Configuring NVIDIA Inference Microservices (NIMs)

After you install CAS, the cas-config configmap must be created. It provides the NeMo Retriever Library endpoint information.

To determine the NeMo Retriever Library endpoint information, you must know the namespace in which NeMo Retriever Library is installed. The endpoints are constructed by using the pattern http(s)://..svc.cluster.local. When you use the default installation namespace of NeMo Retriever Library and because it does not support https by default, it results in the following URLs:
  • Embed service URL: http://llama-32-nv-embedqa-1b-v2.nv-ingest.svc.cluster.local
  • Ingest service URL: http://nv-ingest.nv-ingest.svc.cluster.local
Note: These URLs must not end with the / character.
To complete this activity, use the oc command line tool and run the following command:
oc apply -f - <<EOF
apiVersion: v1
kind: ConfigMap
metadata:
  name: cas-config
  namespace: ibm-cas
data:
  NVMM_EMBED_SERVICE: <Embed Service URL as determined above>
  NVMM_NIM_SERVICE:  <Ingest Service URL as determined above>
EOF

NVIDIA re-ranker

Optionally, you can set NVMM_NEMO_RANKER in the CasInstall CR to enable the NVIDIA re-ranker service. This service analyzes semantic relevance and reorders search results to improve precision in enterprise search and streamline AI-driven workflows. For more information, see the NVIDIA documentation.
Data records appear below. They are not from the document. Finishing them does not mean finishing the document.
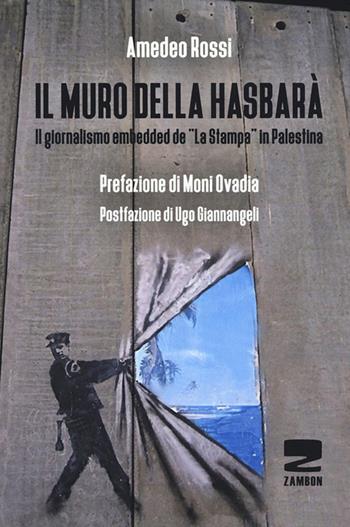 Il muro della Hasbarà. Il giornalismo embedded de «La Stampa» in Palestina - Amedeo Rossi - Libro Zambon Editore 2017 | Libraccio.it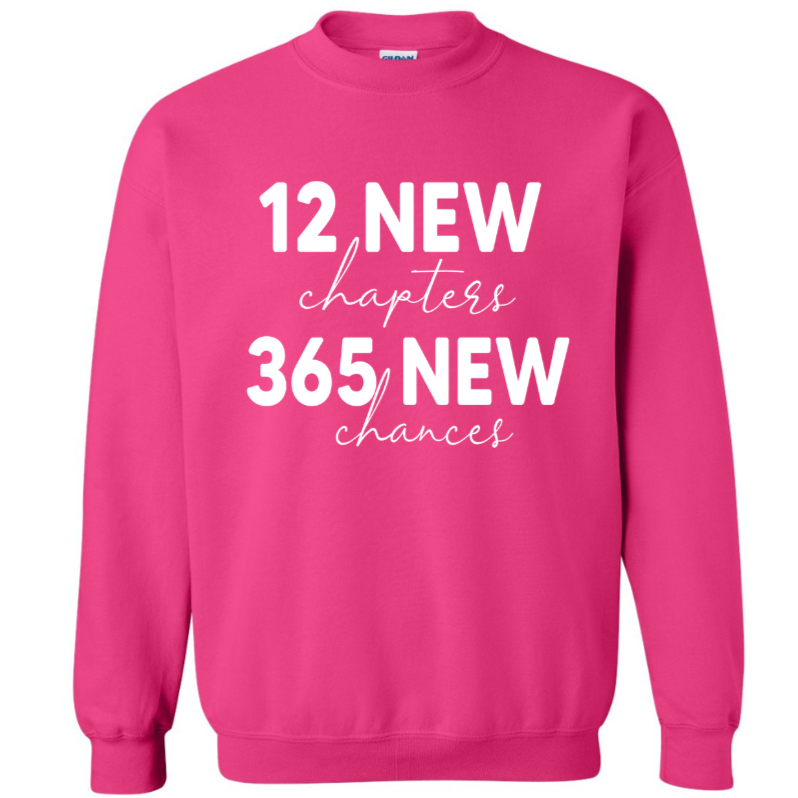 12 New Chapters, 36 New Chances | Sweatshirt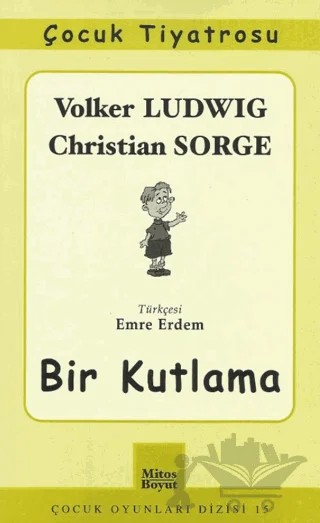 Bir Kutlama – Christian Sorge, Volker Ludwig – Mitos Boyut Yayınları kitap kapağı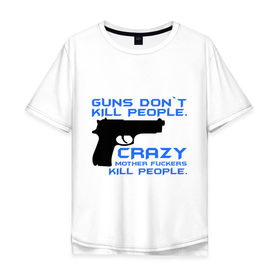 Мужская футболка хлопок Oversize с принтом Guns dont kill people. Crazy mother fuckers kill people. в Петрозаводске, 100% хлопок | свободный крой, круглый ворот, “спинка” длиннее передней части | автомат | люди | оружие | пистолет | пуля | стрельба | стрелять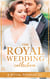 The Royal Wedding Collection - The Future King's Bride / The Royal Baby Bargain / Royally Claimed / An Affair with the Princess / A Royal Amnesia Scandal / A Royal Marriage of Convenience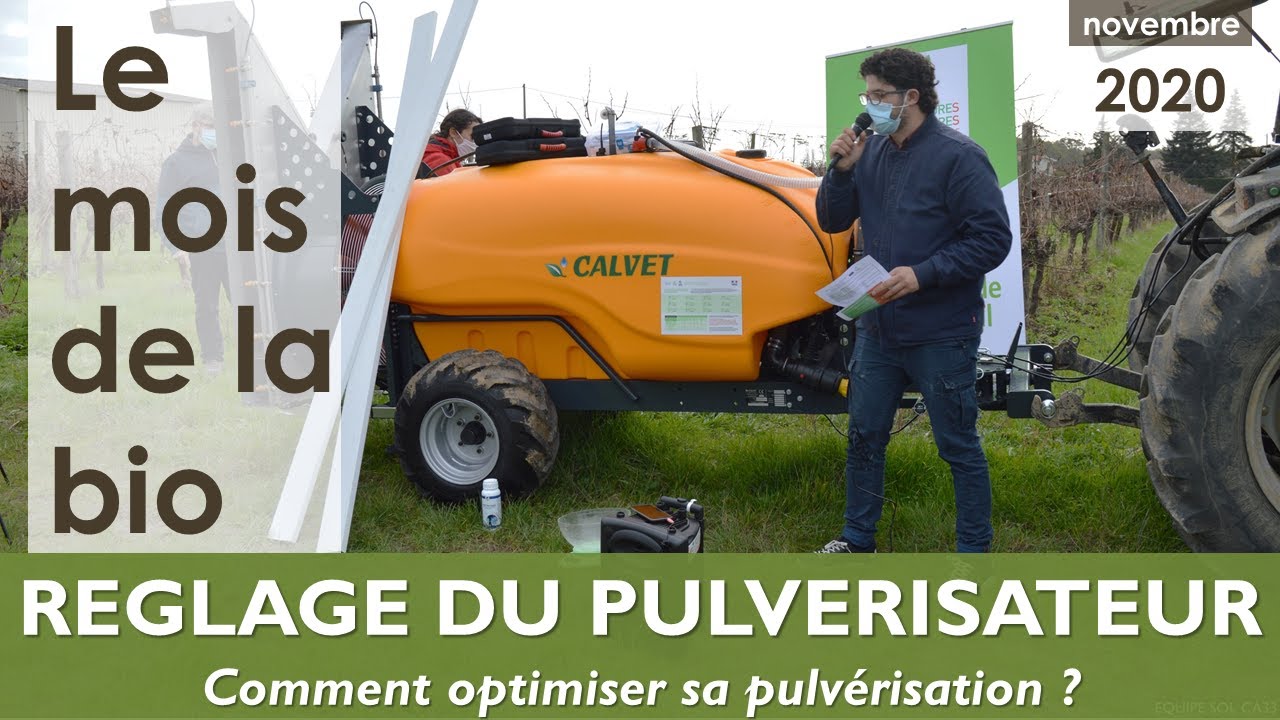 Atelier réglage du pulvérisateur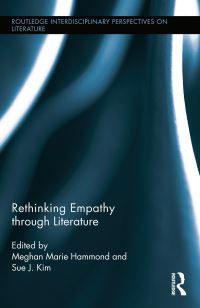 Book Cover for Rethinking Empathy Through Literature by Meghan Marie Hammond, Sue J Kim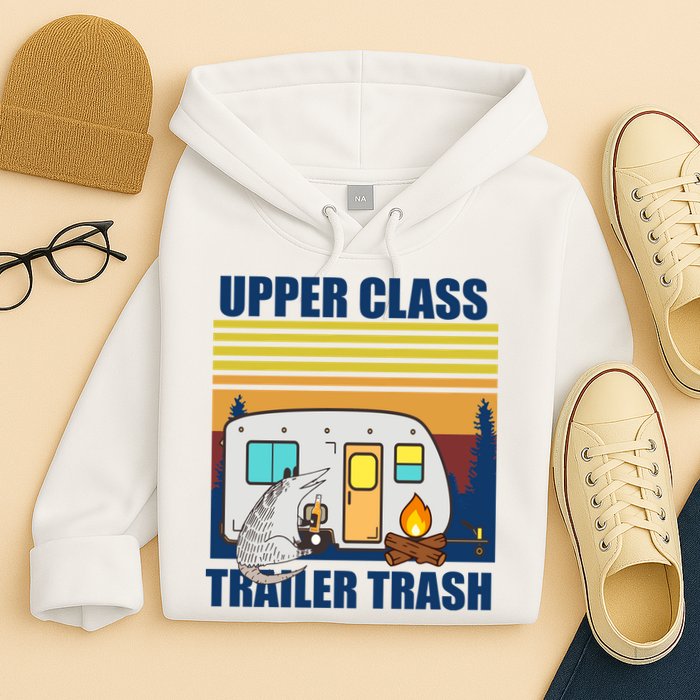 Upper Class Trailer trash Hoodie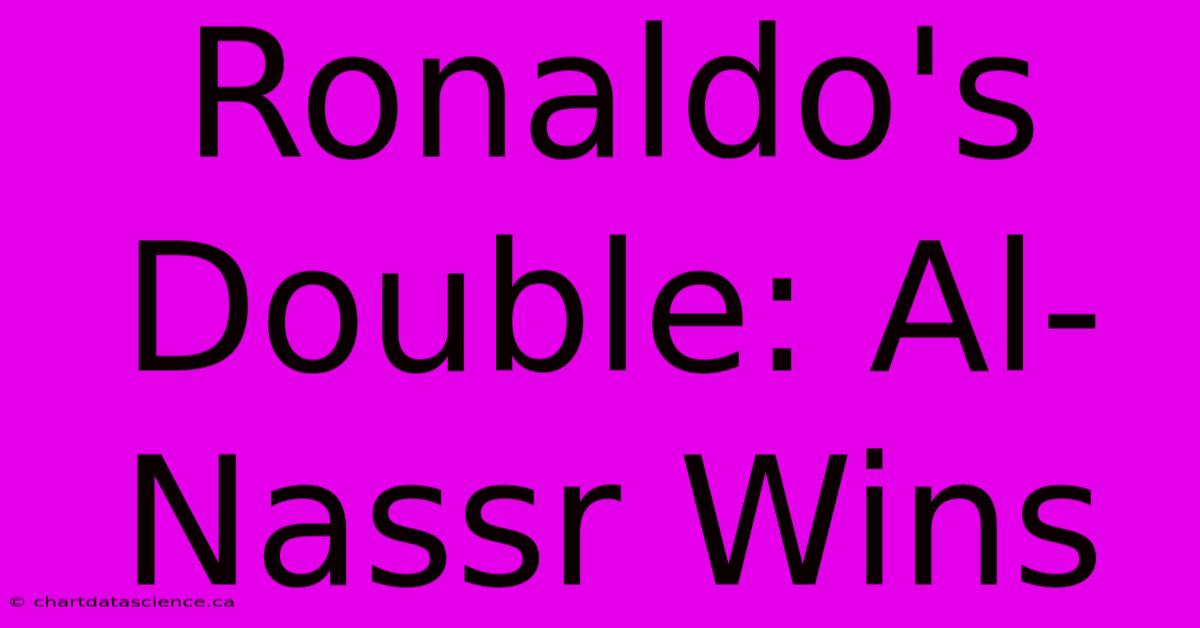 Ronaldo's Double: Al-Nassr Wins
  • Re-ranker service URL: http://llama-32-nv-rerankqa-1b-v2.nv-ingest.svc.cluster.local
Note: The service URL must not end with the / character.

To enable the NVIDIA re-ranker service, set the NVMM_NEMO_RANKER flag to YES and the NVMM_NEMO_RANKER_SERVICE flag to the re-ranker service URL in the cas-config ConfigMap:

spec:
oc patch configmap cas-config \
  -n ibm-cas \
  --type merge \
  -p '{"data":{"NVMM_NEMO_RANKER": "YES", "NVMM_NEMO_RANKER_SERVICE": "<Re-ranker service URL as determined above>"}}'